Last night, as I was lying in bed falling asleep, I was listening to my chronic tinnitus (ringing in my ears). I found that the ringing was less noticeable if I turned my mental mp3 player to a song in the key of the ringing. After a while I was unable to distinguish the ringing from the music playing in my head. Sometimes when I listen to music on lower quality speakers and I can’t hear all of the layers of the music my mind fills the missing parts in and the experience is not dampened. Likewise, I sometimes will hear a song that I have loved for years on a different stereo and discover that my favorite little details of the song weren’t really in the song. Makes me wonder how much of world I experience is just my overactive mind filling in the gaps and creating its own features.
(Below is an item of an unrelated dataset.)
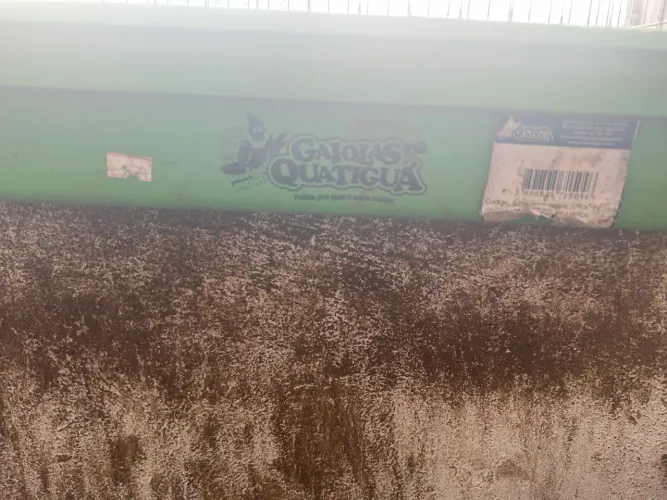 Gaiola de coelho de ferro
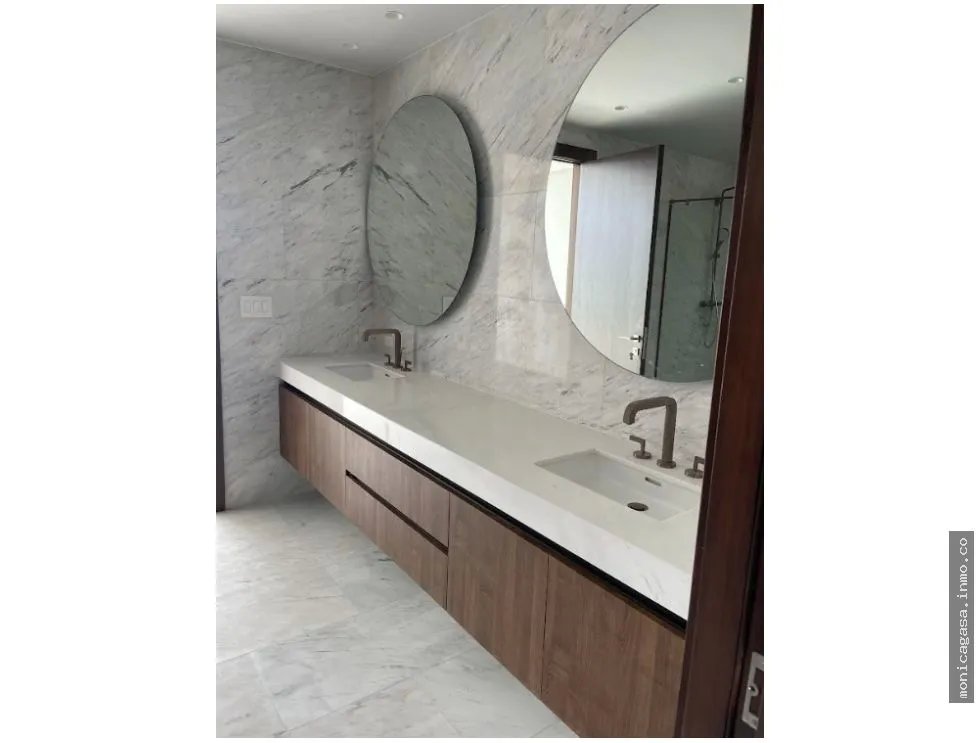 Alquiler de Apartamento en PH The Towers – Paitilla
According to the Santiago Theory of Cognition, put forward by neuro-scientists Humberto Maturana and Francisco Varela, all living systems are cognitive systems. Life cannot be separated from the process of cognition, the process of knowing. In the Santiago theory, mind is not a thing(like the brain) but a process of knowing and cognizing. In most theories of cognition, it is assumed that there is an objective, material world which the mind identifies and reflects in the consciousness of the observer. In these theories, the mind is a thing, often either the brain itself or some emergent property of the brain. The Santiago theory understands the mind to be the very process of cognition as opposed to the conscious part of the body.
While proponents of the Santiago theory do not deny the existence of a material world, they understand that the world of our everyday experience is not an objective reality. As philosopher and scientist Dan Dennett explains in his Ted Talk there is nothing intrinsically sweet about sugar or honey, “if you looked at glucose molecules until you were blind you would not see why they tasted sweet.” Sugar, according to Dennett, tastes sweet because, biologically, we like it. We do not like it because it tastes sweet. A similar concept holds true for our perception of smell, color, temperature, and beauty. Color does not exist objectively in the material world. Objectively, color is frequency of vibration of the electromagnetic field, the same as heat, microwaves, radio waves, and x-rays. It is only within our physiology that these frequencies of vibration are recognized as having color.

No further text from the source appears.